Scientists had thought the human-like pelvis evolved to accommodate larger-brained offspring. The new findings of humanlike hips in Au. sediba despite small-brained offspring suggests these pelvises may have instead initially evolved to help this hominin better wander across the landscape, perhaps as grasslands began to expand across its habitat.
When it came to walking, investigating the feet and ankles of the fossils revealed surprises about how Au. sediba might have strode across the world.

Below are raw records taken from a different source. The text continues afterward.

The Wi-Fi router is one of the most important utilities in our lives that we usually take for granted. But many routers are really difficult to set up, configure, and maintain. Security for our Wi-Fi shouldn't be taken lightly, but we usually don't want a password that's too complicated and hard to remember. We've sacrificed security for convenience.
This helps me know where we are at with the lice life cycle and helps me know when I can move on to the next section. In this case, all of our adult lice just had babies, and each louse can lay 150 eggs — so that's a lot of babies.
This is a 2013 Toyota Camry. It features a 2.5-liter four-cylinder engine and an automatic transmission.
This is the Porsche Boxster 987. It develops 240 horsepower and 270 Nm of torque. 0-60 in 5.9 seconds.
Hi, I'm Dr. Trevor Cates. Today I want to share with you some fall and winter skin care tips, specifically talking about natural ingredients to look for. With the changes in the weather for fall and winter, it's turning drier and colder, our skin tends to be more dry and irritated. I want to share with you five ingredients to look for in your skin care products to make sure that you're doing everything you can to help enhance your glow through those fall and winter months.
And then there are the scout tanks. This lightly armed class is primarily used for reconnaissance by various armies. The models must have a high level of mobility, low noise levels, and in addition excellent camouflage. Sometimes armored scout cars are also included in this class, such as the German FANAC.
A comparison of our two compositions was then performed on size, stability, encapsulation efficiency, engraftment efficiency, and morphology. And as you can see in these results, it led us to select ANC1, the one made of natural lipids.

No hominin ankle has ever been described with so many primitive and advanced features.
"If the bones had not been found stuck together, the team may have described them as belonging to different species," said researcher Bernhard Zipfel at the University of the Witwatersrand.

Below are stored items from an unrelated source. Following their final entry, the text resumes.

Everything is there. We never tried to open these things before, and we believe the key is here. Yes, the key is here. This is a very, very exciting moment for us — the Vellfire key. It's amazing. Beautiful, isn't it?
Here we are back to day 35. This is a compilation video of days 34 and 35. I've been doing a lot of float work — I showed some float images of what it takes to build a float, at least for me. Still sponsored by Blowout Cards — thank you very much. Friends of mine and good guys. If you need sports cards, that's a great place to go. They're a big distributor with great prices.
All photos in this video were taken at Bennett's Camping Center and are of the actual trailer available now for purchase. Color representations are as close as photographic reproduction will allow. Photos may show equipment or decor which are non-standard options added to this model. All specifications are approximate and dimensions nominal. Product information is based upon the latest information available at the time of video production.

The researchers discovered that its ankle joint is mostly like a human's, with some evidence for a humanlike arch and a well--efined Achilles tendon, but its heel and shin bones appear to be mostly ape-like. This suggested the hominid probably climbed trees yet also halkid in a unique way not exactly like that of humans.
Altogether, such anatomical traits would have allowed Au. sediba to walk in perhaps a more energy-efficient way, with tendons storing energy and returning that energy to the next step, said researcher Steve Churchill from Duke University in Durham, N.C. "These are the kinds of things that we see with the genus Homo," he explained.
What nice hands …
Finally, an analysis of Au. sediba's hands suggests it might have been a toolmaker. The fossils — including the most complete hand known in an early hominin, which is missing only a few bones and belonged to the mature female specimen — showed its hand was capable of the strong grasping needed for tree-climbing, but that it also had a long thumb and short fingers. These would have allowed it a precision grip useful for tools, one involving just the thumb and fingers, where the palm does not play an active part.
Altogether, the hand of Au. sediba has more features related to tool-making than that of the first human species thought of as a tool user, the "handy man" Homo habilis, said researcher Tracy Kivell at the Max Planck Institute for Evolutionary Anthropology in Germany. "This suggests to us that sediba may also have been a toolmaker."
Though the scientists haven't excavated the site in search of stone tools, "the hand and brain morphology suggest that Au. sediba may have had the capacity to manufacture and use complex tools," Kivell added.
The researchers do caution that although they suggest that Au. sediba was ancestral to the human lineage, all these apparent resemblances between it and us could just be coincidences, with this extinct species evolving similar traits to our lineages due, perhaps, to similar circumstances. [Top 10 Missing Links]
In fact, it might be just as interesting to imagine that Au. sediba was not directly ancestral to Homo, because it opens up the possibility "of independent evolution of the same sorts of features," Carlson said. "Whether or not it's on the same lineage as leading to Homo, I think there are interesting questions and implications."
The scientists detailed their findings in the Sept. 9 issue of the journal Science.